WHAT THE TASK ASKS
No pictures belong in the answer. Repeat all the entries exactly.

Excerpts from a dataset
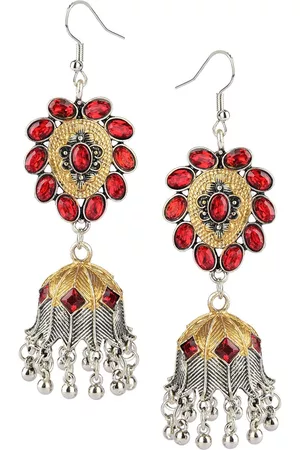 DESI COLOUR Multicoloured Dome Shaped Jhumkas Earrings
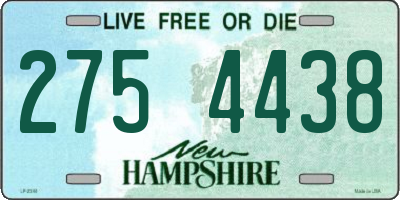 NH license plate 2754438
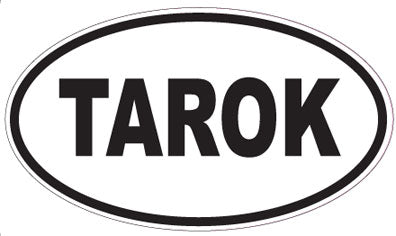 TAROK - Oval Sticker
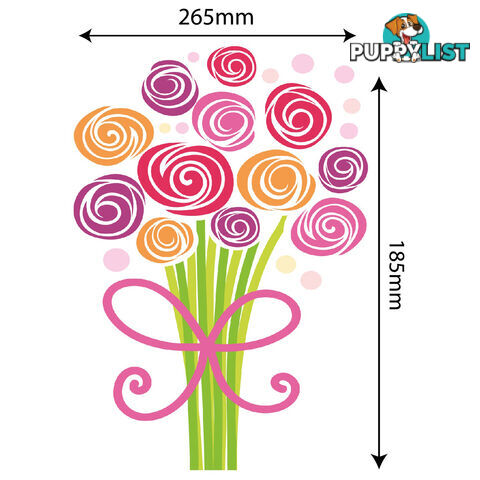 Medium Size Bouquet of Flowers Wall Stickers - Totally Movable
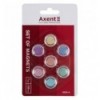 Набір магнітів Axent Pastelini 9828-А 20 мм, 7 штук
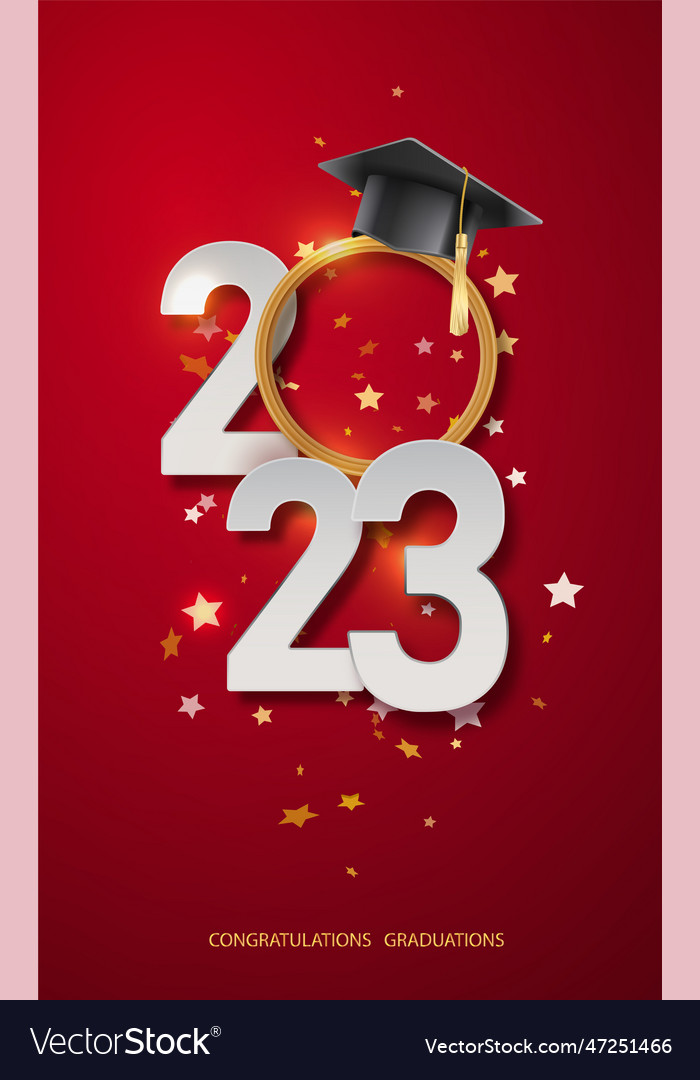 Class Of 2023 Badge Design Template Royalty Free Vector 9481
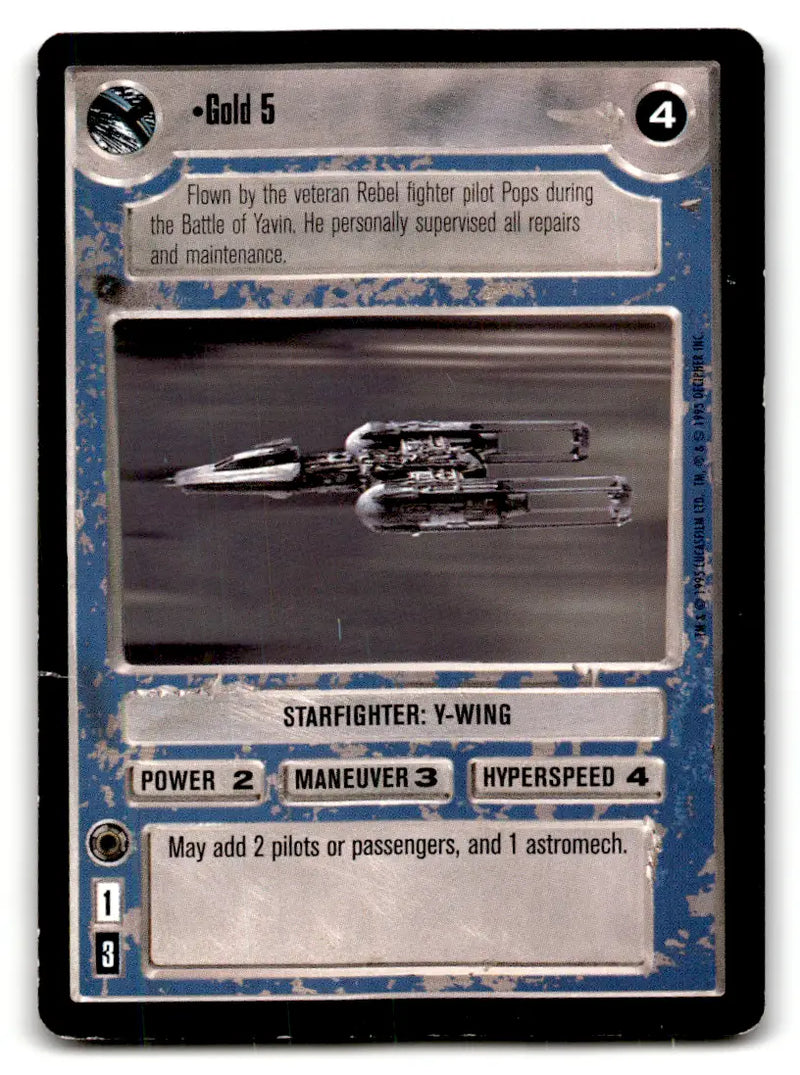 Star Wars trading card from Star Wars CCG Decipher estate find lot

RESULT BELOW
 DESI COLOUR Multicoloured Dome Shaped Jhumkas Earrings
 NH license plate 2754438
 TAROK - Oval Sticker
 Medium Size Bouquet of Flowers Wall Stickers - Totally Movable
 Набір магнітів Axent Pastelini 9828-А 20 мм, 7 штук
 Class Of 2023 Badge Design Template Royalty Free Vector 9481
 Star Wars trading card from Star Wars CCG Decipher estate find lot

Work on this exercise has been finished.